C’est aussi au nom de la liberté, parfois chèrement conquise, que le Grand Orient de France est très attaché au devoir de mémoire. Ne jamais oublier que la liberté est toujours fragile, qu’elle a été parfois assassinée par des bourreaux dans des conditions monstrueuses avec son cortège de génocides, de massacres et de malheurs. Nous nous faisons un devoir de rappeler inlassablement aux jeunes générations ce devoir qui est de ne pas oublier les malheurs de nos aînés.

La jeunesse a aussi soif d’égalité. La Révolution française fut un combat pour la liberté mais la soif d’égalité était aussi vive. Et toutes les révolutions qui sont secoué le bassin méditerranéen, y compris bien entendu en secouant le joug des colonisateurs, ont aussi porté des idéaux d’égalité entre les individus.

Egalité dans la dignité.
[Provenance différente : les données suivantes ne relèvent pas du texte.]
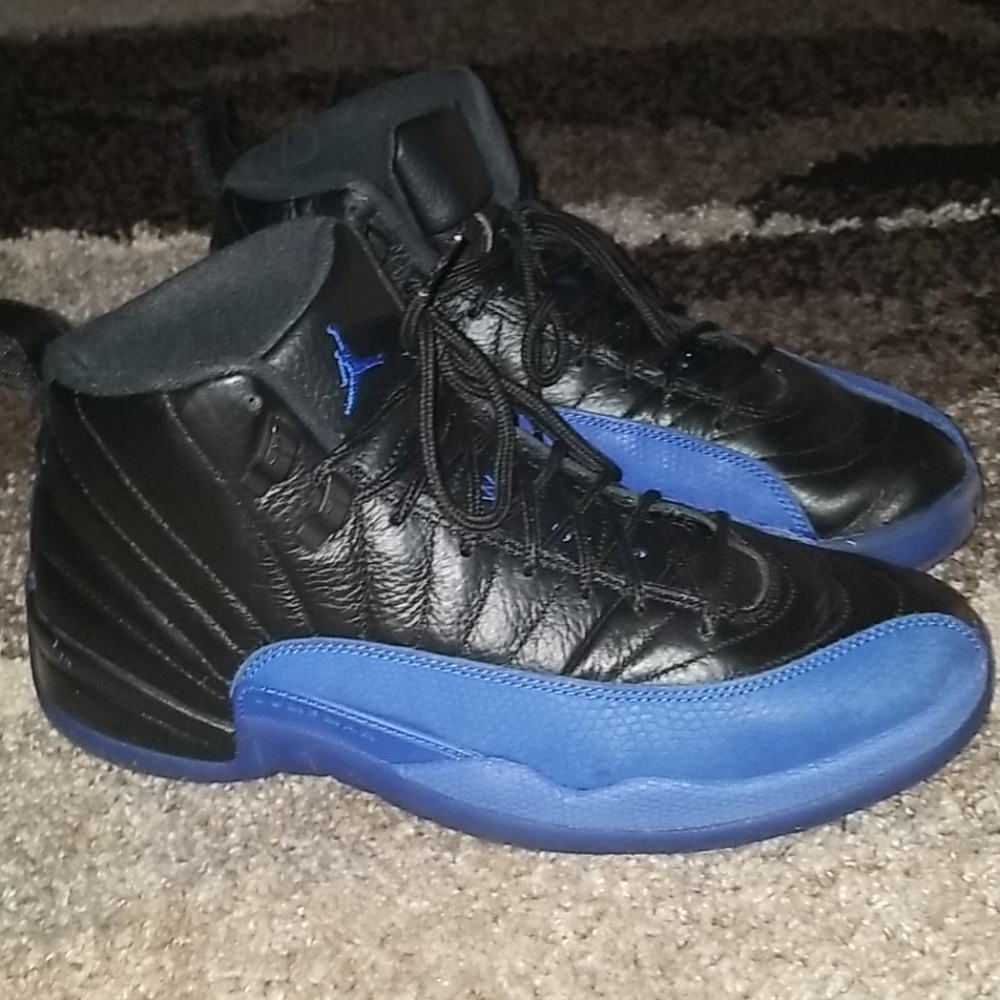 Jordan Retro 12s Royal Blue Men size 8.5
Egalité des hommes et des femmes en appuyant le combat de ses dernières pour l’égalité des droits, la parité en matière de salaire ou encore le droit à disposer librement de leur corps.
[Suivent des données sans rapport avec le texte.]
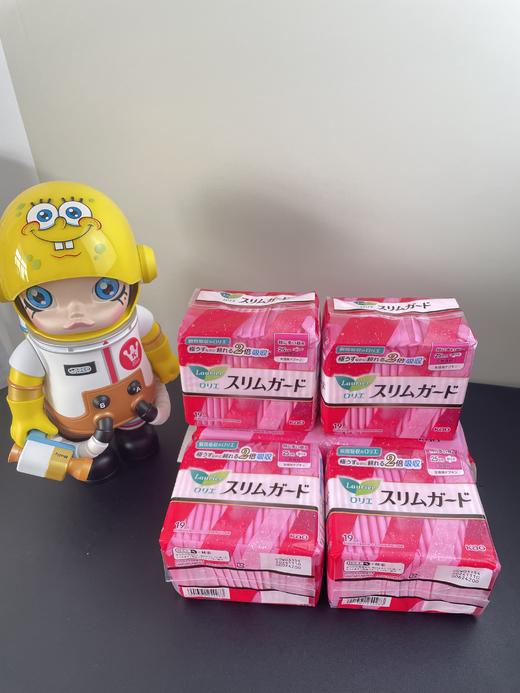 【园园日本卫生巾 】花王卫生巾KAO乐而雅  素肌/S系列 日夜用晚安库瞬吸超薄护翼无荧光剂零触感超博透气任选三包，拍下自动改价99 商品图2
Egalité donc entre les citoyens en combattant toutes les formes de discrimination.

Si le Grand Orient de France récuse le communautarisme – il ne saurait y avoir de droits différents selon l’appartenance du citoyen à tel ou tel groupe social – il combat les inégalités en appelant à une meilleure répartition des richesses entres les individus dans la société et il exige les mêmes droits et les mêmes devoirs pour tous au sein de la société.
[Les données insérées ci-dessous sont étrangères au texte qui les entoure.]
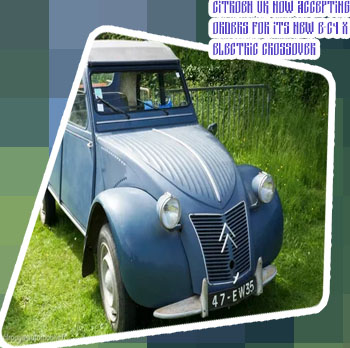 French automobile citroen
Comment ne pas aujourd’hui marteler ce message avec la crise financière, économique et sociale que nous voyons se développer sous nos yeux. Tant d’écarts entre riches et pauvres dans nos sociétés ! Entre le Nord et le Sud !

Certains ont en effet abusé des failles d’un système financier devenu fou en profitant au passage pour gagner des sommes vertigineuses sans aucune création de richesse pour le reste de la société.

L’effondrement de cette pyramide qui tenait plus du casino que de l’économie réelle laisse au passage des millions d’individus dans la détresse, le chômage, la misère et le désespoir. Et les jeunes sont souvent frappés de plein fouet.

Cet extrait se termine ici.